ID Generator Failure Modes

What breaks, how to detect it, and how to fix it. Every failure includes detection metrics, mitigations, and severity rating.

Failure Modes

CRITICAL

Clock steps backward on a generator host

NTP in step mode corrects a fast clock; a VM migration or hypervisor pause lands the guest in the past; a leap-second smear misconfigures. The worker's wall clock now reads a millisecond it already used: continuing to generate mints duplicates.

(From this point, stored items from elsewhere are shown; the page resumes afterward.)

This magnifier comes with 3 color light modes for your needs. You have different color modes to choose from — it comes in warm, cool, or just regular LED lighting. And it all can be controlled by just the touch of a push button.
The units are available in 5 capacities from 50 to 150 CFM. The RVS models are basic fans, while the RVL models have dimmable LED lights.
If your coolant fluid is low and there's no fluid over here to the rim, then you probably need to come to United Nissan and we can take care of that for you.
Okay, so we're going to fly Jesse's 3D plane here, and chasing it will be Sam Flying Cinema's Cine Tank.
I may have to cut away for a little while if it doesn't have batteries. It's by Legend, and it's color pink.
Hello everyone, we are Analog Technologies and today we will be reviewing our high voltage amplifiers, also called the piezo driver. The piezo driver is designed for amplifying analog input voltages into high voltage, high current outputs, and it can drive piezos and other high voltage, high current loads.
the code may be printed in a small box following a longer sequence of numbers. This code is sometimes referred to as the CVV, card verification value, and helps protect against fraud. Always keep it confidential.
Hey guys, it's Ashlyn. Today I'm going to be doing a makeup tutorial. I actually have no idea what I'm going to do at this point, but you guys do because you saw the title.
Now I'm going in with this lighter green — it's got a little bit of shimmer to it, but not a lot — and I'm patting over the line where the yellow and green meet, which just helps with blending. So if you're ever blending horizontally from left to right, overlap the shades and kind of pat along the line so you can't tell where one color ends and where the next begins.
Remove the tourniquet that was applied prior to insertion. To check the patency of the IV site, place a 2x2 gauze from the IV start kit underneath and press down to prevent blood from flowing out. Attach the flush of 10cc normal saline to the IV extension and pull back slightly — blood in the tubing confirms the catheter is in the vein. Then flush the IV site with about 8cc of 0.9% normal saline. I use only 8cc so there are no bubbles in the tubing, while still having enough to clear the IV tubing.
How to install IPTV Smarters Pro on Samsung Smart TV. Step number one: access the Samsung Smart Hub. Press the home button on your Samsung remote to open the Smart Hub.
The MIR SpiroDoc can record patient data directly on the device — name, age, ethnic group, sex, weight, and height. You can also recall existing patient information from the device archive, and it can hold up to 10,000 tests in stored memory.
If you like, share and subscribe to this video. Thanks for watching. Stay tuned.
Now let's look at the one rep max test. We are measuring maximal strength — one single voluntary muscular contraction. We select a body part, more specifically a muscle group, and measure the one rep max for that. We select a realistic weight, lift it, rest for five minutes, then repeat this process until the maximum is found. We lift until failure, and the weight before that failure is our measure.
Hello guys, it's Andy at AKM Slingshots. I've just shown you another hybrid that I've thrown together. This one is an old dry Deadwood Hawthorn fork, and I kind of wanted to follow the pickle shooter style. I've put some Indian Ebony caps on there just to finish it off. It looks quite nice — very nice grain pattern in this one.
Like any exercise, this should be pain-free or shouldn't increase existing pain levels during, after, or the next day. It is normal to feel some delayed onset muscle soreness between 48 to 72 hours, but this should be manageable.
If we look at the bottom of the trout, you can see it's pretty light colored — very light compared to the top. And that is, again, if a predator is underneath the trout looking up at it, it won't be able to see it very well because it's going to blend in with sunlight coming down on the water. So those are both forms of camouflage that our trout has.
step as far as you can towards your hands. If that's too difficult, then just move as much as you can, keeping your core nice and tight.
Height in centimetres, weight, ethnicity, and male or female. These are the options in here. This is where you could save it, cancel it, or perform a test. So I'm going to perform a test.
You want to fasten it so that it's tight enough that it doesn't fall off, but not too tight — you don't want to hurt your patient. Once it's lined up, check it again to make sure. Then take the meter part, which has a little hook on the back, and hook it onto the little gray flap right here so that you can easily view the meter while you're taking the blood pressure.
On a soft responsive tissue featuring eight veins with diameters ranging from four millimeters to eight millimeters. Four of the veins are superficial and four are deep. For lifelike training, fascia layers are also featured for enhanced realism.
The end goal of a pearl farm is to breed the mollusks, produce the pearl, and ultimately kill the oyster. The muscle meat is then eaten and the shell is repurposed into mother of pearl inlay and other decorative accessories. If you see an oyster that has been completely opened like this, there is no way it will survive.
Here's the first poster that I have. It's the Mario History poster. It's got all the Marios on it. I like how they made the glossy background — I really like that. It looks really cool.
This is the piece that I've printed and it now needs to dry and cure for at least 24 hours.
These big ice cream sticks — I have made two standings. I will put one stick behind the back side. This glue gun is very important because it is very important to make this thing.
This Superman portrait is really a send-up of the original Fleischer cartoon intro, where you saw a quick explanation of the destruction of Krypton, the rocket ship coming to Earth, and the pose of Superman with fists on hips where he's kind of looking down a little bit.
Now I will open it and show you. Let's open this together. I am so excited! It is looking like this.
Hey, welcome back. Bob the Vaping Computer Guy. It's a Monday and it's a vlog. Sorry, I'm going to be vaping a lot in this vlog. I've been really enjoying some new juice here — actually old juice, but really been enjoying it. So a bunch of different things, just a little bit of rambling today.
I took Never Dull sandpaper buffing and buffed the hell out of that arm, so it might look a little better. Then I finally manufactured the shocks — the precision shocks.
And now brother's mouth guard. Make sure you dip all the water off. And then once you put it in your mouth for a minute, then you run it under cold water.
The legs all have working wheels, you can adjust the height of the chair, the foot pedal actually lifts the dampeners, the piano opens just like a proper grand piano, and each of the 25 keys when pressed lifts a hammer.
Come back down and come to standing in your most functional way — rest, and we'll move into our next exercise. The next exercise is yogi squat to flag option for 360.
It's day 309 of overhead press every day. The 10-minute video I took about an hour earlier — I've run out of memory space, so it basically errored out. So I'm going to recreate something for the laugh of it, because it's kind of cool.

Monotonic-vs-wall-clock regression check on every mint; backward-step event counter (any occurrence alerts); fleet clock-skew gauge vs median.

Mitigation

Policy ladder: regression under 20ms -> spin-wait it out; larger -> refuse and page (down beats duplicating)
Optional grace: freeze the timestamp and borrow remaining sequence numbers (up to 4,096 IDs) before refusing
Prevention: slew-only NTP on generator hosts; persist last_timestamp so restarts wait instead of replaying

CRITICAL

Two workers hold the same worker ID

A GC pause outlives the lease: worker 7 freezes, its lease expires, a new node claims 7, old-7 thaws and resumes minting. Or the low-tech version: a copy-pasted manifest hardcodes the same ID twice.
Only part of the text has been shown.